✏️ | [RFC] Data Persistence in Rubix ML |
👨💻 | Chris Simpson |
🗓 | September - October 2020 |
BACKGROUND:
It is very common for a user of the RubixML library to load or save data.
Within RubixML most actions relating to data persistence are typically achieved via the use of Persister
either directly, or via the PersistentModel
class. The purpose of a Persister
is to save a new Persistable
object or to load a previously saved object.
Whilst a Persister
handles the persistence of objects (recursively [de]serializing the objects and their internal dependencies), the more-general action of reading or writing data also appears in numerous other places within the library e.g. The Encoding
object has a write()
method used to write data to the local filesystem, whilst the purpose of Extractors
is to read data and transform it into Dataset
objects.
This contribution aims to introduce abstractions for data IO suitable for use across the entire codebase.

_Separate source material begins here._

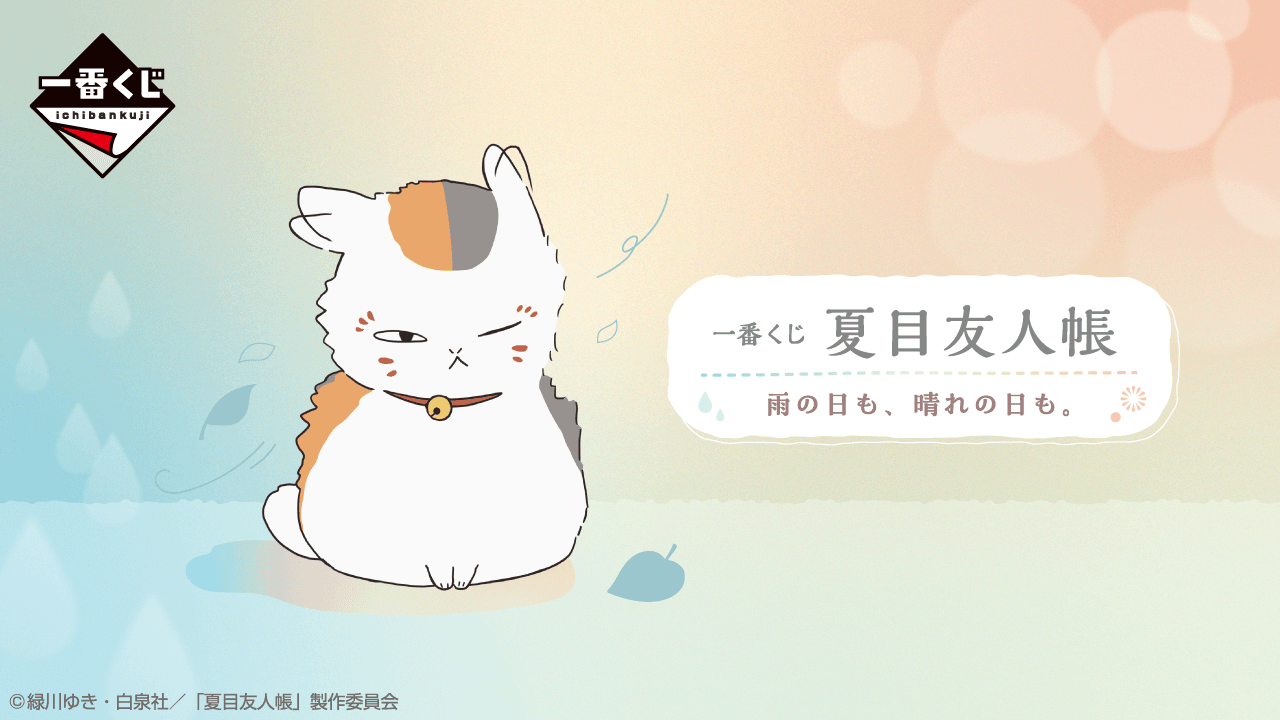 夏目友人帳 無論雨天,還是晴天。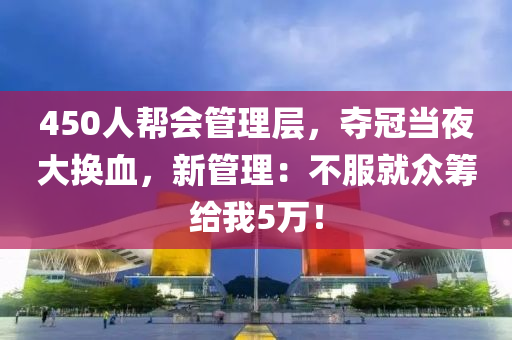 2025年(nian)2月(yue)21日 第14頁(ye)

It standardizes the mechanism of how data is persisted (saved/loaded) within RubixML.
DESIGN GOALS:
- Remove any tight-coupling to the local file system: Introduce a new abstraction modelling where data can be stored (local filesystem, remote/cloud storage, database etc). The default location can remain as the local filesystem, but alternative implementations should be used if provided.
- Split the responsibility of reading and writing data. By design
Extractors
should be read-only, whilst Encoding
objects need only have awareness of how to write the data that they contain.
- Retain the simplicity and of the
Persister
interface, whilst introducing lower-level abstractions to power all current and future data storage operations.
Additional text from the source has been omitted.